Probably most men can recollect some early period of their lives when the emotional nature predominated—a time when emotion at the sight of suffering was more easily stirred than in maturer years. I do not now allude to the benevolence inspired, kept alive or developed by the influence of the Christian religion on the heart, but rather to that which belongs to the natural man. Perhaps all men can recall a period of youth when they were hero-worshipers—when they felt the need of a stronger arm, and loved to look up to the powerful friend who could sympathize with and aid them. This is the “woman stage” of character: in a large number of cases it is early passed; in some it lasts longer; while in a very few men it persists through life. Severe discipline and labor are unfavorable to its persistence. Luxury preserves its bad qualities without its good, while Christianity preserves its good elements without its bad.

It is not designed to say that woman in her emotional nature does not differ from the undeveloped man. On the contrary, though she does not differ in kind, she differs greatly in degree, for her qualities grow with her growth, and exceed in power many fold those exhibited by her companion at the original point of departure. Hence, since it might be said that man is the undeveloped woman, a word of explanation will be useful. Embryonic types abound in the fields of nature, but they are not therefore immature in the usual sense. Maintaining the lower essential quality, they yet exhibit the usual results of growth in individual characters; that is, increase of strength, powers of support and protection, size and beauty. In order to maintain that the masculine character coincides with that of the undeveloped woman, it would be necessary to show that the latter during her infancy possesses the male characters predominating—that is, unimpressibility, judgment, physical courage, and the like.

If we look at the second class of female characters—namely, those which are imperfectly developed or absent in men, and in respect to which man may be called undeveloped woman—we note three prominent points: facility in language, tact or finesse, and the love of children. The first two appear to me to be altogether developed results of “impressibility,” already considered as an indication of immaturity. Imagination is also a quality of impressibility, and, associated with finesse, is apt to degenerate into duplicity and untruthfulness.

The third quality is different. It generally appears at a very early period of life. Who does not know how soon the little girl selects the doll, and the boy the toy-horse or machine? Here man truly never gets beyond undeveloped woman. Nevertheless, “impressibility” seems to have a great deal to do with this quality also.

Thus the metaphysical relation of the sexes would appear to be one of inexact parallelism, as defined in Sect.
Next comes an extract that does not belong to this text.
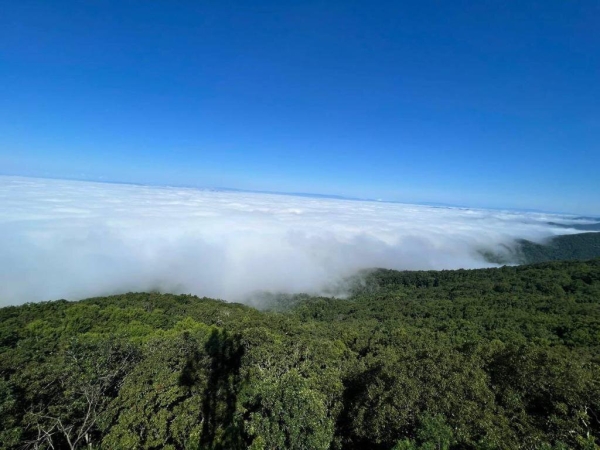 Как сейчас живет человек, не захотевший душить фристайл: уехал в США с помощью топ-велосипедиста и в 40 начал новую жизнь – считает, спорта в Беларуси не осталось Как сейчас живет человек, не захотевший душить фристайл: уехал в США с помощью топ-велосипедиста и в 40 начал новую жизнь – считает, спорта в Беларуси не осталось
I. That the physical relation is a remote one of the same kind, several characters seem to point out. The case of the vocal organs will suffice. Their structure is identical in both sexes in early youth, and both produce nearly similar sounds. They remain in this condition in the woman, while they undergo a metamorphosis and change both in structure and vocal power in the man. In the same way, in many of the lower creation, the females possess a majority of embryonic features, though not invariably. A common example is to be found in the plumage of birds, where the females and young males are often undistinguishable.[[48]] But there are few points in the physical structure of man also in which the male condition is the immature one. In regard to structure, the point at which the relation between the sexes is that of exact parallelism, or where the mature condition of the one sex accords with the undeveloped condition of the other, is when reproduction is no longer accomplished by budding or gemmation, but requires distinct organs. Metaphysically, this relation is to be found where distinct individuality of the sexes first appears; that is, where we pass from the hermaphrodite to the bisexual condition.
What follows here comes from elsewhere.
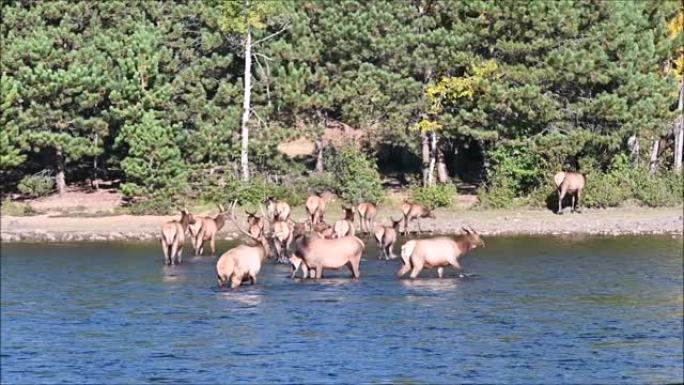 湖中的麋鹿群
[48]. Meehan states that the upper limbs and strong laterals in coniferæ and other trees produce female flowers and cones, and the lower and more interior branches the male flowers. What he points out is in harmony with the position here maintained—namely, that the female characters include more of those which are embryonic in the males, than the male characters include of those which are embryonic in the female: the female flowers are the product of the younger and more growing portions of the tree—that is, those last produced (the upper limbs and new branches)—while the male flowers are produced by the older or more mature portions—that is, lower limbs or more axial regions.

Meehan’s observations coincide with those of Thury and others on the origin of sexes in animals and plants, which it appears to admit of a similar explanation.

But let us put the whole interpretation on this partial undevelopment of woman.

The types or conditions of organic life which have been the most prominent in the world’s history—the Ganoids of the first, the Dinosaurs of the second, and the Mammoths of the third period—have generally died with their day. The line of succession has not been from them. The law of anatomy and paleontology is, that we must seek the point of departure of the type which is to predominate in the future, at lower stages on the line, in less decided forms, or in what, in scientific parlance, are called generalized types. In the same way, though the adults of the tailless apes are in a physical sense more highly developed than their young, yet the latter far more closely resemble the human species in their large facial angle and shortened jaws.

How much significance, then, is added to the law uttered by Christ!—“Except ye become as little children, ye cannot enter the kingdom of heaven.” Submission of will, loving trust, confiding faith—these belong to the child: how strange they appear to the executing, commanding, reasoning man! Are they so strange to the woman? We all know the answer. Woman is nearer to the point of departure of that development which outlives time and peoples heaven; and if man would find it, he must retrace his steps, regain something he lost in youth, and join to the powers and energies of his character the submission, love and faith which the new birth alone can give.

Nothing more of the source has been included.